WMLM

St. Louis, Michigan; United States;
- Frequency: 1520 kHz
- Branding: Real Country, The Big M

Programming
- Format: Country
- Affiliations: Real Country (Westwood One); Michigan Farm Radio Network; Motor Racing Network;

Ownership
- Owner: Krol Communications Inc.
- Sister stations: WJSZ

History
- First air date: 1977
- Last air date: December 31, 2024
- Call sign meaning: Middle of Lower Michigan

Technical information
- Licensing authority: FCC
- Facility ID: 60293
- Class: B
- Power: 1,000 watts unlimited
- Translator(s): 105.9 W290DR (St. Louis)

Links
- Public license information: Public file; LMS;
- Website: web.shiawasseechamber.org/Radio/Krol-Communications-Inc-Z925-The-Castle-386

= WMLM =

WMLM (1520 AM) was a radio station located in St. Louis, Michigan, broadcasting Westwood One's satellite-delivered Real Country format, a hybrid of classic and current country hits. WMLM mainly had broadcast to the north along the US-127 corridor, and was one of four radio stations to broadcast from Gratiot County.

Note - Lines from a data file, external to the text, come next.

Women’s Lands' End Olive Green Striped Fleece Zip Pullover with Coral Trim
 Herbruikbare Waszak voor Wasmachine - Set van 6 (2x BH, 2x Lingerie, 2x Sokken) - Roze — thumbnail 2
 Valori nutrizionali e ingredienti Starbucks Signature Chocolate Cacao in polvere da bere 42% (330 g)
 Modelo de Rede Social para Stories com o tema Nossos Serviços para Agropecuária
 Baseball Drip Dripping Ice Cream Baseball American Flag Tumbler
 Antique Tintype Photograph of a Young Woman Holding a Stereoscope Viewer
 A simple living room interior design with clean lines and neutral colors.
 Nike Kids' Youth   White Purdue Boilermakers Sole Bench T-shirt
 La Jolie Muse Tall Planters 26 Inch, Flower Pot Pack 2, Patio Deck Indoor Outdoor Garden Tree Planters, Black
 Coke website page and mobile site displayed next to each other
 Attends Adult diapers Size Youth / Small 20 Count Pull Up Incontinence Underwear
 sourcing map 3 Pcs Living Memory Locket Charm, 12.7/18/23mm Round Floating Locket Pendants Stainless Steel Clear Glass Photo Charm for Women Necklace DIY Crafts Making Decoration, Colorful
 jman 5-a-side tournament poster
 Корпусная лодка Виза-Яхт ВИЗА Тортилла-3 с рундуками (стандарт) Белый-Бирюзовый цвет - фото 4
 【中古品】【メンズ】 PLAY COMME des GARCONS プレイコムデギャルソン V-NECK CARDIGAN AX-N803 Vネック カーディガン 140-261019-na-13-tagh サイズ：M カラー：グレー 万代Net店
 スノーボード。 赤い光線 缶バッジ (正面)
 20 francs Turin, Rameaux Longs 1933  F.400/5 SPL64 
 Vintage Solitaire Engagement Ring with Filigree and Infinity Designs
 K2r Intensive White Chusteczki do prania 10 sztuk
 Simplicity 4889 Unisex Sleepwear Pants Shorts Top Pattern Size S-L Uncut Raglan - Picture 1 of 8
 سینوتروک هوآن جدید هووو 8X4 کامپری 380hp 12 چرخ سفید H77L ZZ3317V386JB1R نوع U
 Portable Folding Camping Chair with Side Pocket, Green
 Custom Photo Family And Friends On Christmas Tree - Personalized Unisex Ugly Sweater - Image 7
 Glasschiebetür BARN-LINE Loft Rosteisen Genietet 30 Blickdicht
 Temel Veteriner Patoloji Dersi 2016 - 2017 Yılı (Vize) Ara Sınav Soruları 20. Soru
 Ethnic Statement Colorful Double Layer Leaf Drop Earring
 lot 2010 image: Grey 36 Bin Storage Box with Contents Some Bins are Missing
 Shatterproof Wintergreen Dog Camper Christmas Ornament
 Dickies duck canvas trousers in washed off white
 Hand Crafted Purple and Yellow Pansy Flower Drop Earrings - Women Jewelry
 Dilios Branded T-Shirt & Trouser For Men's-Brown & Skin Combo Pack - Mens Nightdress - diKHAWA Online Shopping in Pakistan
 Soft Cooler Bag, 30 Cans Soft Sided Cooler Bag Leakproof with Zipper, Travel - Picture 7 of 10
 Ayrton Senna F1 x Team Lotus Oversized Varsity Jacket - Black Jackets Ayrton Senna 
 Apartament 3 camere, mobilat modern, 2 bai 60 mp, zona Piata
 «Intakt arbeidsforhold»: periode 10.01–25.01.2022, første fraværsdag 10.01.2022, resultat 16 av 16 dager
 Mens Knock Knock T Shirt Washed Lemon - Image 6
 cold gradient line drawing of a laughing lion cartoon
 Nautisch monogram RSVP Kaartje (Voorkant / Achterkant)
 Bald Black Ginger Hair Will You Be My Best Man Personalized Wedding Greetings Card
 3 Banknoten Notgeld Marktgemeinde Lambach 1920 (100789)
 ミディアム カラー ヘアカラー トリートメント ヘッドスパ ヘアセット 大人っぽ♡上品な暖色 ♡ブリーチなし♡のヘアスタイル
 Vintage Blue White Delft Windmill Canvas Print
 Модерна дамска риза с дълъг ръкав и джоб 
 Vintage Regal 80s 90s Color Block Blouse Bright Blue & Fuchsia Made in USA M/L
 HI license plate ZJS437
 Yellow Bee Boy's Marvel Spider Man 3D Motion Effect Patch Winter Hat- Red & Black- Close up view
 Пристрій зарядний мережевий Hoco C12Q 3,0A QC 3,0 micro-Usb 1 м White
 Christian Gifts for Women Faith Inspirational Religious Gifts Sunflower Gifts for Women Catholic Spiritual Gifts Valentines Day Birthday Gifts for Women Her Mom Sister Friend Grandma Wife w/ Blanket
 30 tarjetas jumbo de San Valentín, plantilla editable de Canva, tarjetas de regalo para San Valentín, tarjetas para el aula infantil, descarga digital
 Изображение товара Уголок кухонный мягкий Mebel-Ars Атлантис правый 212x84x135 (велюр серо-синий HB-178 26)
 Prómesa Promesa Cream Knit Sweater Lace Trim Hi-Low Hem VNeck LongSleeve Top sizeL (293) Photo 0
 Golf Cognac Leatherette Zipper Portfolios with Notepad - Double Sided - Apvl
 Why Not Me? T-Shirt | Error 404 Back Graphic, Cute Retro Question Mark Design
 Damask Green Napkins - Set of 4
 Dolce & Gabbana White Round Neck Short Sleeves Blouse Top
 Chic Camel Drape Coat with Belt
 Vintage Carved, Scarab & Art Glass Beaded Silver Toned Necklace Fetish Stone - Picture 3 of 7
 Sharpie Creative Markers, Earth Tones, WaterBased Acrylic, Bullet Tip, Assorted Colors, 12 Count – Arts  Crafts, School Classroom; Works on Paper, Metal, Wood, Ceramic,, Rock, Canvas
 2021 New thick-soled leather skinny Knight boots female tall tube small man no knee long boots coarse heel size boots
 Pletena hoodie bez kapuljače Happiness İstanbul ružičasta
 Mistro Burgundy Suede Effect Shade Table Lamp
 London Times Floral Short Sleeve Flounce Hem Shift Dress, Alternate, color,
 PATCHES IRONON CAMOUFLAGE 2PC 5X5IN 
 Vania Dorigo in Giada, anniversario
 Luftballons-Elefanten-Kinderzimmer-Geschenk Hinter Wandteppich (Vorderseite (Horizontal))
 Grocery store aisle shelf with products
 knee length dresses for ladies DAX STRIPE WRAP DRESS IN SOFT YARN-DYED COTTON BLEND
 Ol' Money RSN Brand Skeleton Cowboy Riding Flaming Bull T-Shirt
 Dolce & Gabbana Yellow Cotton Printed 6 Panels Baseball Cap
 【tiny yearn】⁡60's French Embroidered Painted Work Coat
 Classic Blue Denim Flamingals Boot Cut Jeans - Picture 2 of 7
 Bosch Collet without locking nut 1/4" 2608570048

AM 1520 is a United States clear-channel frequency; WWKB in Buffalo, New York, and KOKC in Oklahoma City, Oklahoma, share Class A status on this frequency.

==History==
WMLM began broadcasting in 1977 as a daytime-only station and added nighttime operations in 1982. The station originally broadcast from downtown St. Louis on 1540 kHz, moving south of the city in 1983 to a location on State Road. The station switched to 1520 AM and added six 200 ft transmission towers. In addition to its country-music format, WMLM provided farm and agricultural news updates as an affiliate of the Michigan Farm Radio Network, with which the station was affiliated early on.

Original owner Greg Siefker sold WMLM to Krol Communications, owners of WJSZ in Ashley, Michigan, in May 2008 after the Federal Communications Commission (FCC) gave approval in March. Speaking to the Mount Pleasant Morning Sun, Siefker cited exhaustion and recent health issues as a reason for selling his station, although he was to stay on as a consultant. WMLM had no change in its format following the sale.

Krol Communications closed WMLM on December 31, 2024. The FCC cancelled the station’s license on January 27, 2025.

==Programming==
WMLM's featured the only "live and local" morning show in Gratiot County, "One Track Mind", providing Mid-Michigan with local news, sports, weather, and obituaries. The host was Timothy Mitchell. Former hosts included Dan Manley, Justin Orminski, Tyler Scott, Tallon Weatherby, Isaac McCormack, and Josh Lattime.

The station broadcast high school sports for local high school Breckinridge, St Louis, and Ithaca. WMLM was also the local affiliate for the NASCAR Cup Series.